In any case we brightened up at the sight of a tailor shop Linda had mentioned and decided to get something made. Ezi suddenly refused to have the suit made that I have been dreaming of for years, so I chose a red fabric and at 3:30 agreed to have a suit made. At 6 we came back for a fitting and at 9 it was delivered to our hotel. I’ll never have a chance to wear this but it was an event. An inexpensive and quality event. There was nothing else about the city that struck me. The old ladies selling herbs from their shoulder scales just seemed to me to be a nightmare. Old people who cannot sustain themselves except by brutally hard work do not seem to me to be picturesque. The lack of a medical system, the lack of responsibility for the citizens of a country, the schools of fifty pupils in a class room – all this make me realize how wonderful Israel is. No one here is responsible for anyone. The party rules but doesn’t do anything. Yes there are beautiful lights and smiling faces. But the smiles and the lights are for tourists. The Hoi An hotel where we stayed was super-posh.

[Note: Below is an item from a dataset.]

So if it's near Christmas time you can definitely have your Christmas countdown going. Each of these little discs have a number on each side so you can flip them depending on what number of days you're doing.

The bathtub in the middle of the room, something like at the Standard Hotel in New York, enabled one to bathe and watch the dumb tv that seems to be all they have all over the country.

The next day we went to a pottery village and were given the opportunity to make a pot ourselves. I couldn’t even find a way to position myself on the tiny stool and get to the foot-spun potter’s wheel. My pot was the only crooked thing under that straw roof. I bought some tiny sculptures, and thanked the lord I didn’t have to be living in the mud like this. On a sunny day it would have been fun. Mud roads on a flooding day makes it harder to enjoy.

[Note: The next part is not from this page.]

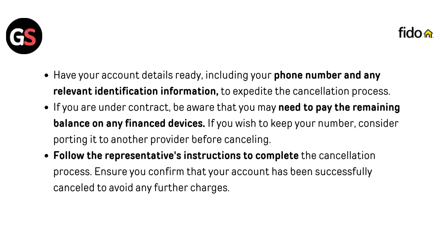Have your account details ready, including your phone number and any relevant identification information to expedite the cancellation process. If you are under contract, be aware that you may need to pay the remaining balance on any financed devices. If you wish to keep your number, consider porting it to another provider before cancelling.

The farm was much more interesting, despite the mud. We saw the family plots of vegetables and fruits and then visited a little cooking school that redeemed the whole trip for me. Starting with making rice flour, we continued with learning how to make the rice skins, filled them with vegetables and ate them. Then we did fried pancakes. It was wonderfully basic and fun.

We ignore the fact that there is no health care in the country and no hospital anywhere near Danang. We ignore the fact that classrooms had 50 kids in them. We ignore the lack of social security, that people even older than us are shouldering scales of durian and plying them on the streets. We return to our ship with our tourist bling and pack our packages away among the dirty laundry.